Dr Watkins declares that most of us get stuck at the age of nine in terms of emotional development. And, like Goleman, he insists that there are thousands of emotions – in his case, 34,000.
He says that in teenage years, people challenge the rules. But, when they become adults, they learn to follow rules (sometimes unknown or unwritten) to become good citizens, socially and at work. In mid-life they start to question the rules again, often called a mid-life crisis. And the coping strategy of many mid-lifers will either be anaesthetic (alcohol or drugs) or distraction (work, exercise, sex or material things like shopping).
He differentiates between emotions and feelings. Emotions are the energy which activates our feelings (indeed the original meaning of emotion was “moving away”. Compare this with Dr Rosenberg’s view where waves of feelings move through us as part of a biochemical reaction to a memory).
The way to come to terms with emotions in Dr Watkins’ view is similar to other experts cited – straight-thinking, awareness and control. The pressure and challenges of life create chaos and stop awareness and the ability to think straight. “We are designed that way,” Dr Watkins says. “It’s about survival. Your brain has to become unsophisticated and binary – fight or flight (or play dead). We have some old software and we haven’t upgraded.
“How well you think at any one time will depend on your biology. You have to change the context and the emotional state from which your thoughts emerge. Then you can change the quality of the thought and the thought itself. Until you take control of this physiology, anyone or anything can make you look like an idiot.”
He suggests the trick is to retain and regain conscious control of your breathing through special deep and rhythmic exercise. Focus on the heart, which he says is the seat of emotions, and “learn to regulate your emotions”. He adds: “The prime predictors of success are passion (which comes from the heart, as we know), determination and focus.”
Value of vulnerability
The result of EQ and being aware may mean that initially we feel more open and vulnerable. Here we find solace in the wise writings and TED talks of Brené Brown, a self-styled storyteller and social researcher. Her witty and wonderful TED talk about the power of vulnerability has been watched my more that 35 million people.

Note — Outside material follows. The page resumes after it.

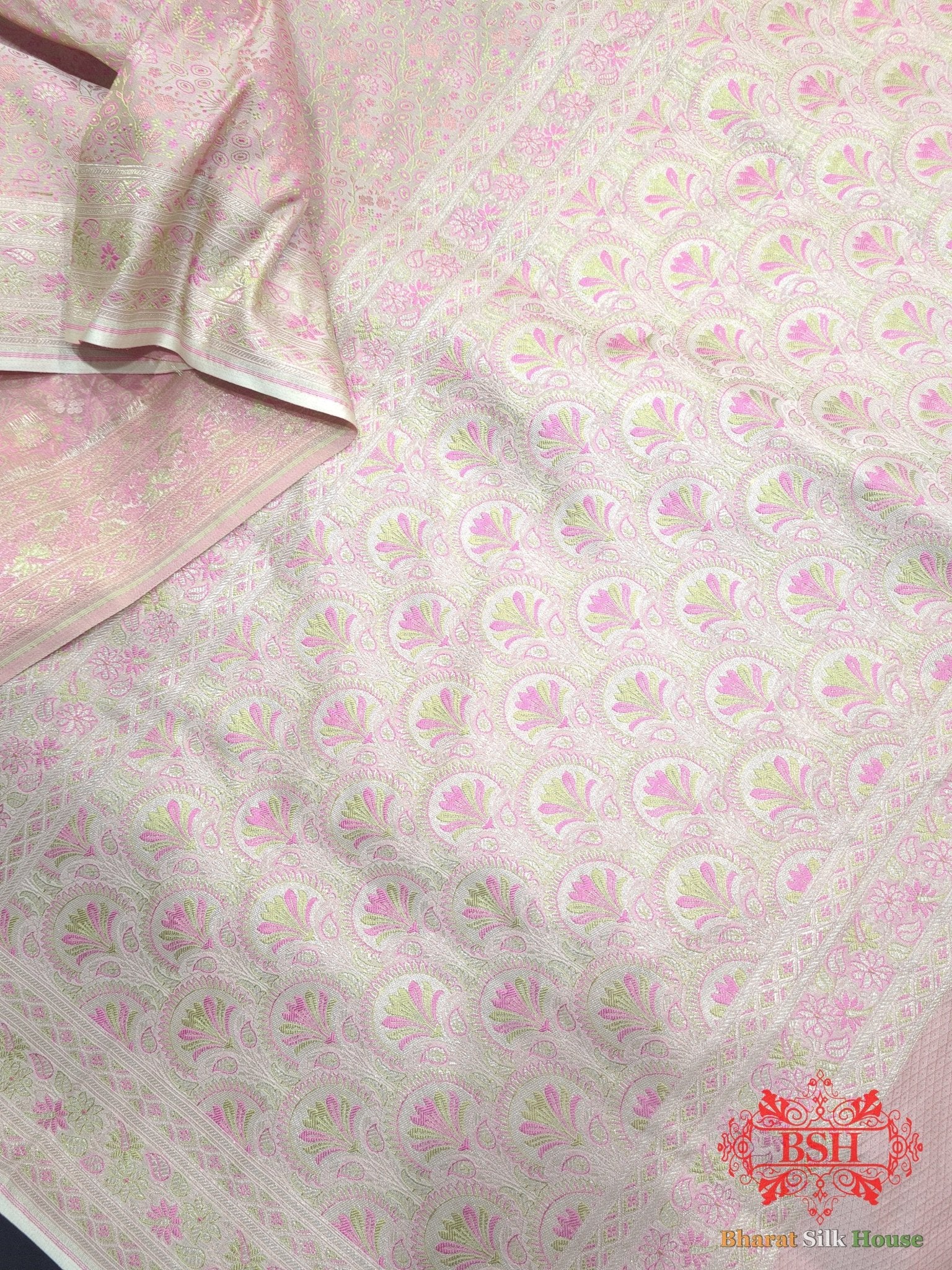 Shades Of Baby Pink Dohri Zari Tanchoi Silk Saree - Bharat Silk House Tanchoi katan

In a massive piece of research on connection she found that people she interviewed all too often felt a deep sense of disconnection, heartbreak and sense of worthlessness. This resulted from “shame, underpinned by vulnerability”.
However, she concluded that people with a strong sense of belonging:
Were wholehearted and open
Had the courage to be imperfect
Could let go of what they should be to achieve connection
In her book Daring Greatly (Penguin Random House, 2015), Brené Brown writes:
“To believe vulnerability is weakness is to believe feeling is weakness. To foreclose on our emotional life out of fear that the costs will be too high is to walk away from the very thing that gives purpose and meaning to living.

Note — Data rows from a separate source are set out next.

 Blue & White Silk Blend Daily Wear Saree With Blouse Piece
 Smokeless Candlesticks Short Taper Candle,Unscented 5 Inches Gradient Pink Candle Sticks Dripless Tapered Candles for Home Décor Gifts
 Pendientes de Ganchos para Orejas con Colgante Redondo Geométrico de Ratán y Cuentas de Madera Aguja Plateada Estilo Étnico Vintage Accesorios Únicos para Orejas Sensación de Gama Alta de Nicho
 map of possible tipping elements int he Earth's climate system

“The difficult thing is that vulnerability is the first thing I look for in you and the last thing I’m willing to show you. In you, it’s courage. In me, it’s weakness.”
So, now we know the source of, and have seen some solutions to, our emotional upheavals, we have to remove the blocks and achieve EQ by practising awareness, empathy, openness and vulnerability. They say practise makes perfect, but it may be preferable to remember BrenéBrown’s maxim: “Have the courage to be imperfect”.